The goal of NER is to extract and label these named entities from unstructured text and assign them to their respective categories. By identifyinf named entities, NER helps in understanding the structure amd semantics of text, enabling various downstream applications such as information retrieval, questions answering, information extraction, sentiment analysis and more.

NER typically nvolves the following steps:
1. **Tokenization**: The input text is divided into individual words or tokens.
2. **Part-of-Speech Tagging (POS)**: Each token is assigned a part-of-speech tag that denotes its grammatical category (e.g., noun, verb, adjective).
3. **Named Entity Recognition**: This is core step of NER. Here, the tokens are analyzed to determine if they represent named entities and if so, which category they belong to (e.g., person, organization, location). This can be done using rule-based approaches, machine learning algorithms such as Conditional Random Fields or Recurrent Neural Networks or a combination of both.
4. **Entity Classification**: After identifying the named entities, they are further classified into predefined categories based on the ocntext and domain. For example, an organization entity can be classified as a compay, government agency, or educational institution.

NER systems are trained on annotated datasets where human annotators label the named entities in the text. These annotated datasets serve as training data for machine learning algorithms to learn patterns and features that can help identify and classify named entities accurately.

NER has broad applications in various domains.
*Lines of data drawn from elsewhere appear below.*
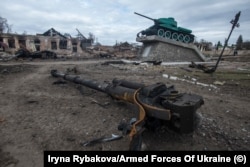 A damaged monument to a World War II battle between Soviet and Nazi forces stands above the wreckage of a modern armored vehicle in the recaptured town of Trostyanka, in Ukraine’s Sumy region, in March.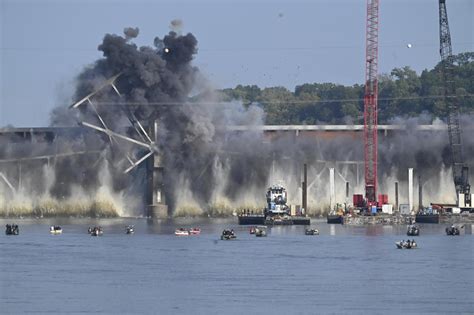 Explosives drop steel trestle Missouri River bridge into the water along I-70 while onlookers watch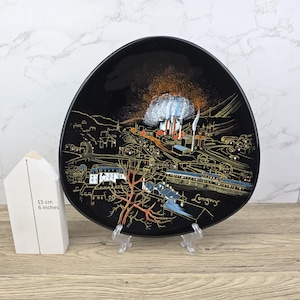 May include: Black decorative plate with a landscape scene in gold and orange tones. The plate features a townscape with buildings, trees, and the word "Longwy". The plate is 6 inches in diameter.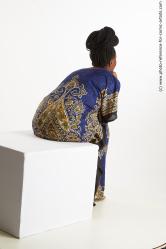 Dina Moses African Woman Sitting Pose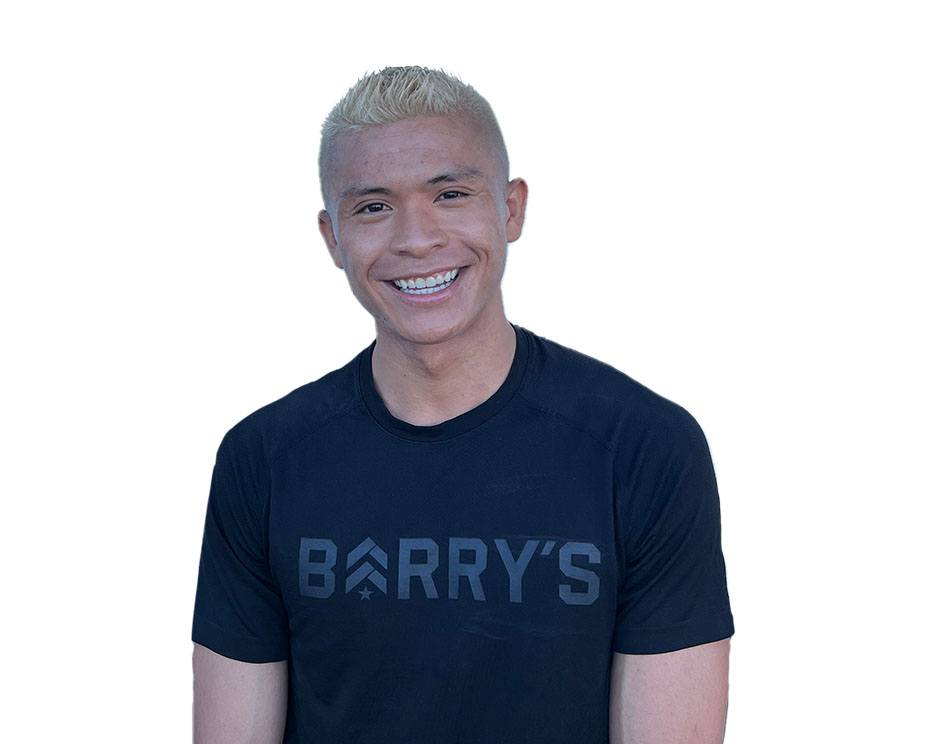 Barry's instructor standing confidently wearing a black top against a white background, ready for the next workout challenge.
For example:
+ **Information Extraciton**: NER can extract specific information such as names, dates, and locations from text.
+ **Question Answering**: NER helps in uderstanding and extracting relevant information to answer questions
+ **Document Summarization**: NER can identify important entites to generate concise sumaries.
+ **Recommendation Systems**: NER can identify entities to provide personalized recommendations.
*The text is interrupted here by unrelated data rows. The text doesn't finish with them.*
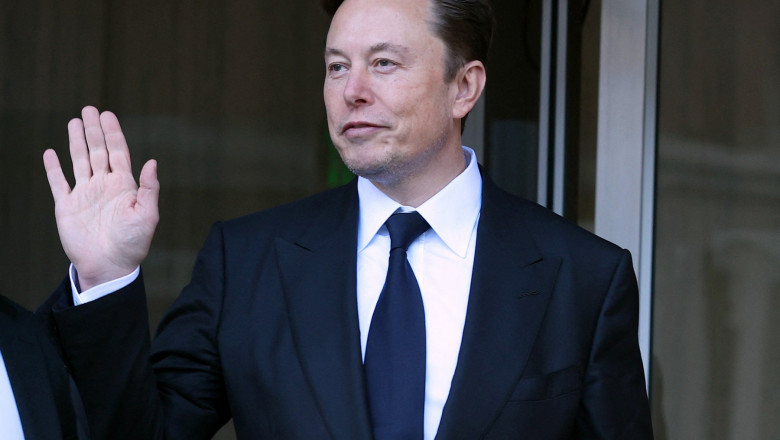 Elon Musk în costum face cu mâna
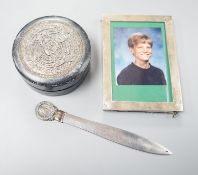 An Edwardian silver mounted photograph frame, 15.5cm, a letter opener with white metal finial and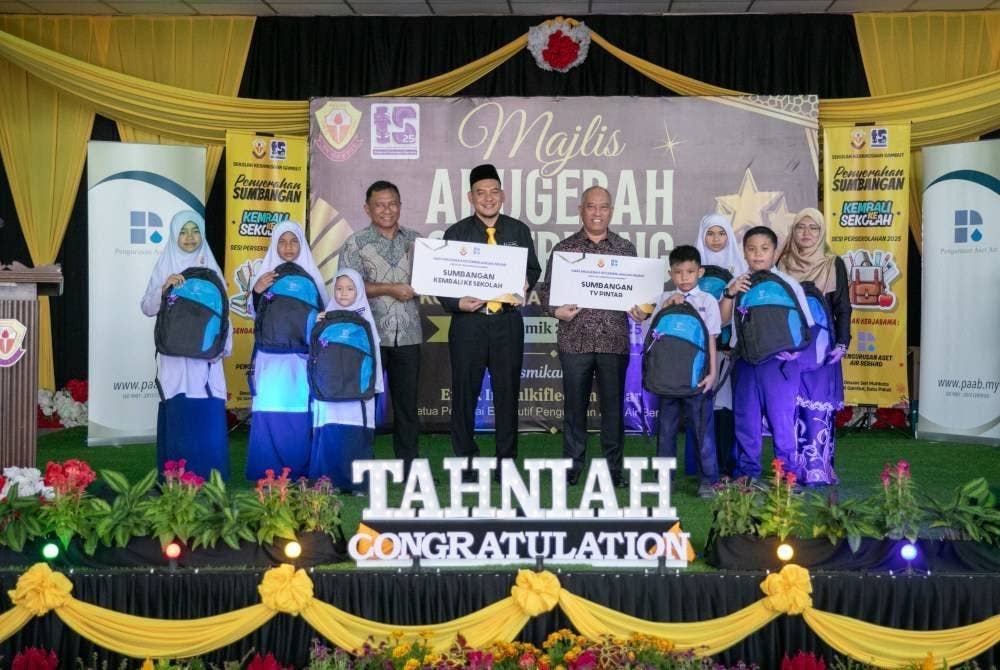 Dari empat kiri, Rozaifee, Herlman dan Zulkiflee bersama murid-murid SK Gambut menerima Kit Kembali ke Sekolah.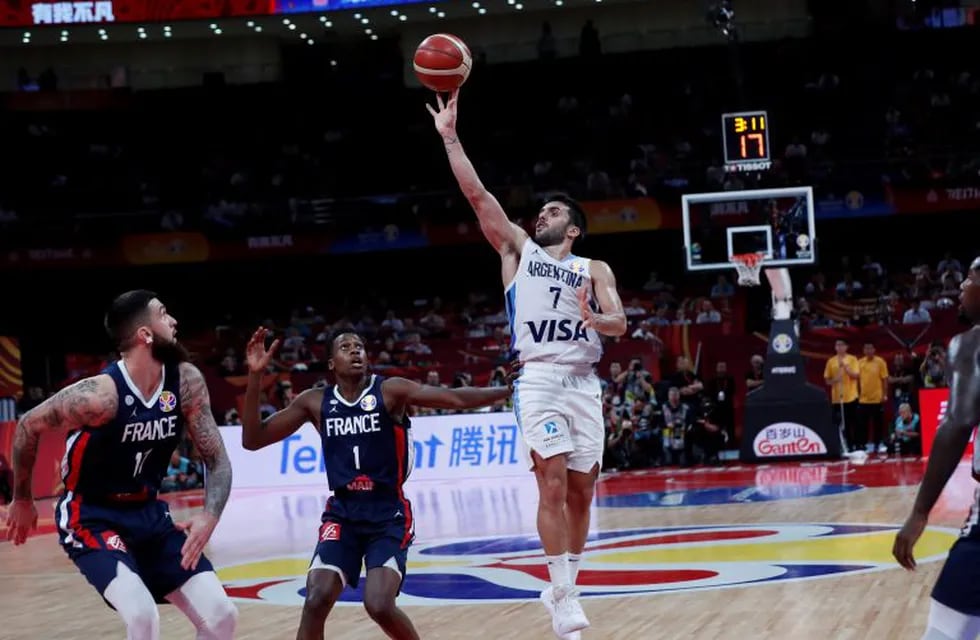 Facundo Campazzo of Argentina goes for a three pointer shoot against France during their semifinals match for the FIBA Basketball World Cup at the Cadillac Arena in Beijing, Saturday, Sept. 13, 2019. (AP Photo/Andy Wong)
Overall, NER plays a crucial role in text understanding and information extraction by identifying and categorizing named entities, enabling more advanced analysis and processing of text data.

## EntityRuler

spaCy provides several methods for rules-based NER. One method is through its **EntityRuler**.
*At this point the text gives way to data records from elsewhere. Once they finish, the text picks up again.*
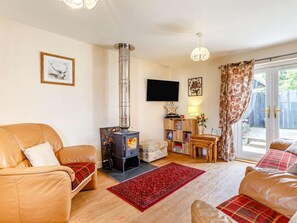 A cozy living room with a fireplace, leather sofas, a red rug, and a television. - 2 Bed in Inverness (oc-44481) (Drumnadrochit)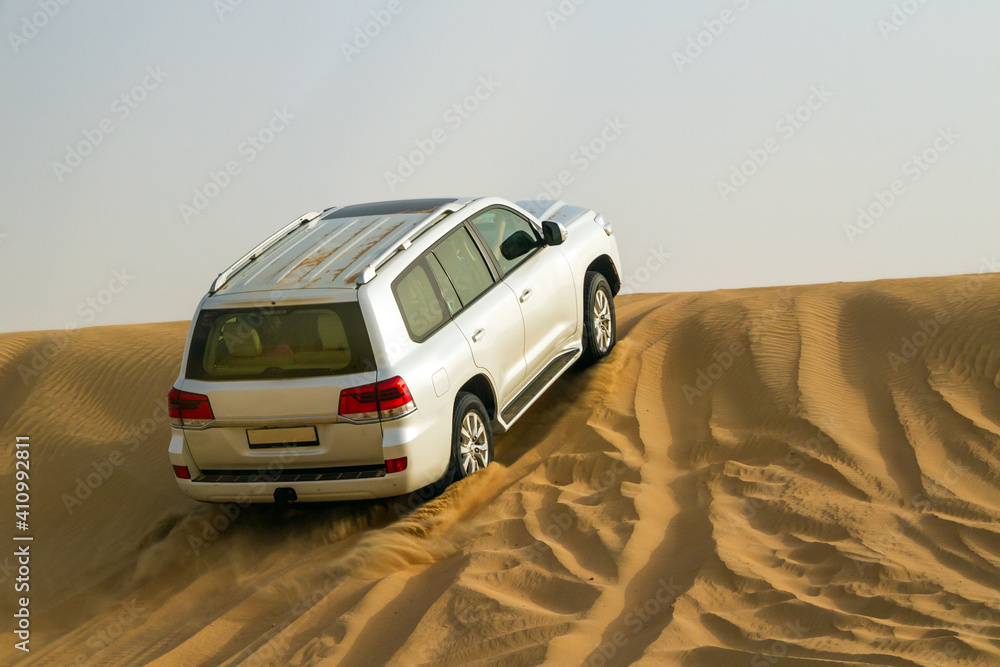 Driving on jeeps on the desert, traditional entertainment for tourists on in Pink Rock Desert, Sharjah, Dubai, UAE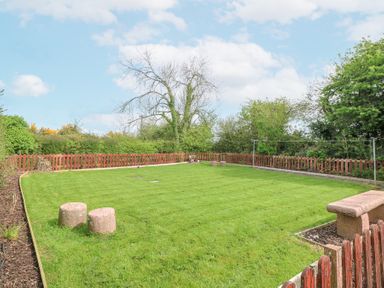 A fenced garden area with grass lawn stone seats and a bench at Lane Cottage in Ballycullane County Wexford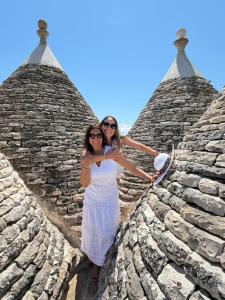 two women standing on the roof of a building at Luxury Trulli di Giulia, exclusive villa with private pool in Valle d'Itria Ostuni - BR, Puglia in Ostuni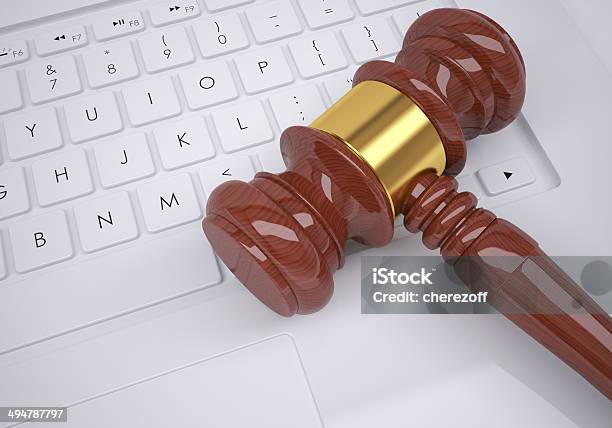 Gavel Lying On The Computer Keyboard Stock Photo - Download Image Now - Electronics Industry, Legal System, Justice - Concept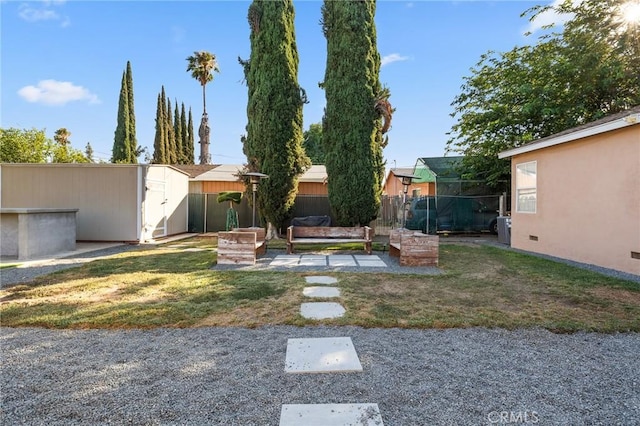 8626 Stark St, Riverside, CA 92504 - view of yard with a storage shed and a garden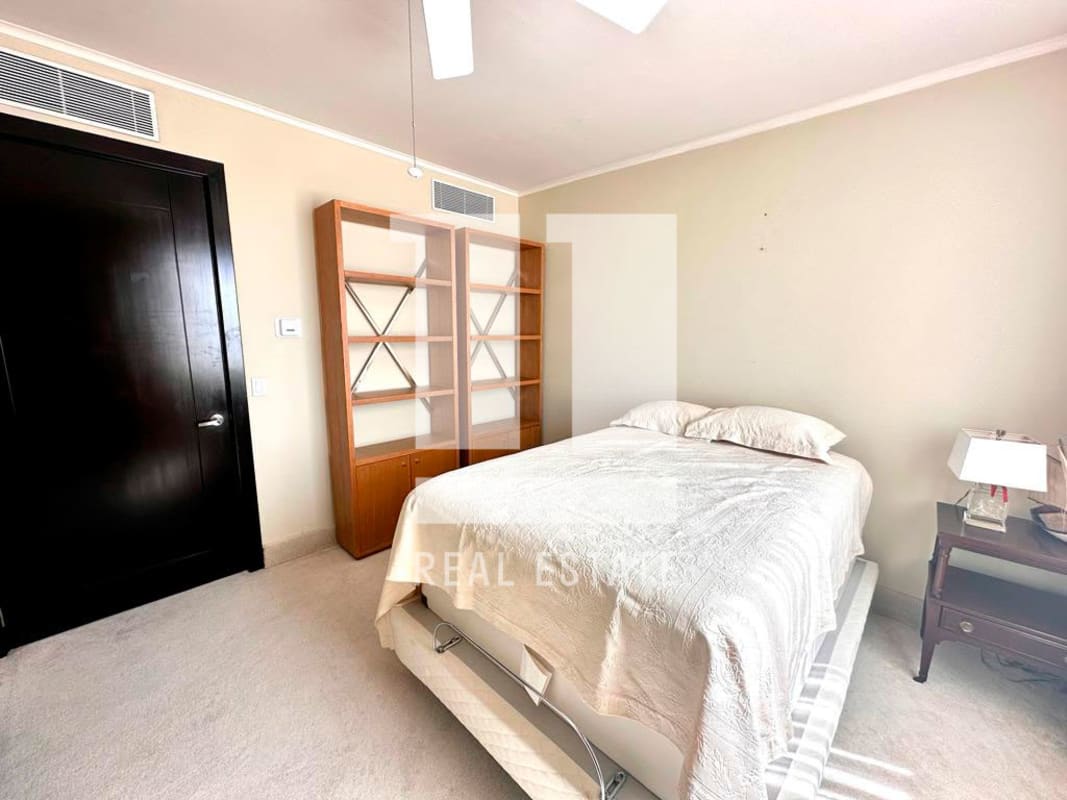 Luxury bedroom with large windows, city skyline view, walk-in closet in PH Park One Altos del Golf Panama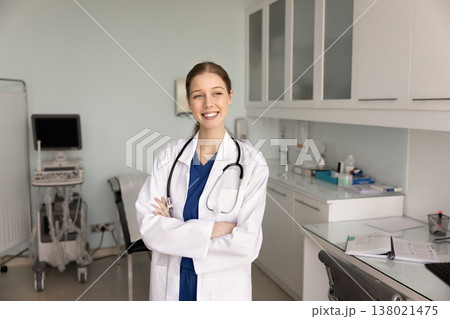 Sonographer or radiologist professional looking away with contented smile 138021475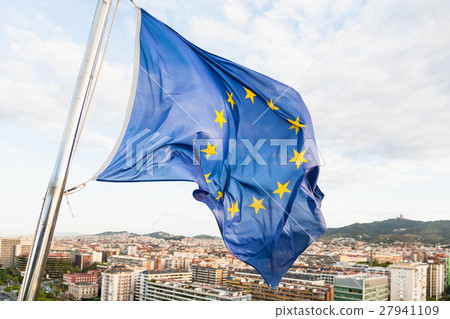 EU flag fluttering by wind above Barcelona 27941109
The EntityRuler is spaCy **factory** that allows creating patterns with corresponding labels. A factory in spaCy is a set of classes and functions preloaded in spaCy for specific tasks. For the EntityRuler, the factory enables creating an EntityRuler, defining patterns and labels, and using them to find and label entities.

Once the EntityRuler is created and instructed, it can be added to the spaCy pipeline as a new **pipe**.

A pipe is a component of a pipeline, which takes input data, performs operations, and outputs new data or extract metadata. In spaCy, different pipes handle different tasks. The **tokenizer** tokenizes the text into individual tokens, the **parser** parses the text, and the NER identifies entities and assigns labels. The processed data is stored in the Doc object.

Pipelines are sequential, meaning earlier components affect the input received by late components. This sequence can be crucial, as later pipes may depend on earlier ones. However, some pipes can function independently of earlier ones. Remember this when creating custom spaCy models or any pipeline.

[<ins>Full spaCy's Entity Ruler documentation</ins>](https://spacy.io/api/entityruler)

## Examples

We will try to identify Warszawa (Warsaw).

In [7]:
import spacy

# Build upon the spaCy sm
nlp = spacy.load("en_core_web_sm")

# Sample text
text = "The capital of Poland is Warszawa. Warszawa was demolished during World War 2."

# Doc object
doc = nlp(text)

# extract entities
for ent in doc.ents:
    print(f"Entity text: {ent.text:<10}, entity label: {ent.label_}")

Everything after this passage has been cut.